At their root, all technology problems are human problems

 One of the thrilling parts of working and writing in Silicon Valley is the incredible variety of people I've had the chance to meet. Sometimes, I meet someone that I feel a visceral connection with, because they are struggling with challenges that I've experienced myself. In a few cases, they are clearly smart people in a bad situation, and I've written about their pain in The product manager's lament and The engineering manager's lament.

Today I want to talk about another archetype: the incredibly high-IQ hacker who's trying to be a leader. (As always, this is a fictionalized account; I'm blending several people I've known into a single composite. And please forgive the fact that I use male pronouns to describe the archetype. There is terrible gender bias in our profession, but that's a subject for another day. Suffice to say, most of the hackers I've known have been men. As a last disclaimer, please consult the definition of the word hacker if you're not familiar with the controversies surrounding that term.)

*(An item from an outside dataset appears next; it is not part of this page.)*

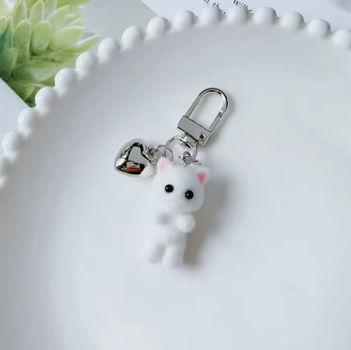 Брелок-игрушка котик с сердечком, милый аксессуар для ключей, сумки и рюкзака WHITE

It's common to find a hacker at the heart of almost any successful technology company. I know them right away - we can talk high-level architecture all the way down to the bits-and-bytes of his system. When I want to know about some concurrency issues between services in his cluster, he doesn't blink an eye when I suggest we get the source code and take a look. And as soon as I point out an issue, he can instantly work out the consequences in his head, and invent solutions on the fly.

This kind of person is used to being the smartest person in the room. In fact, it's a rare person who can be subjected to recurring evidence of just how stupid the people around them are, and not become incredibly arrogant. Those who have the endurance are the ones that tend to lead teams and join startups, because you just can't be successful in a startup situation without empathy. I would characterize them as intolerant but not arrogant.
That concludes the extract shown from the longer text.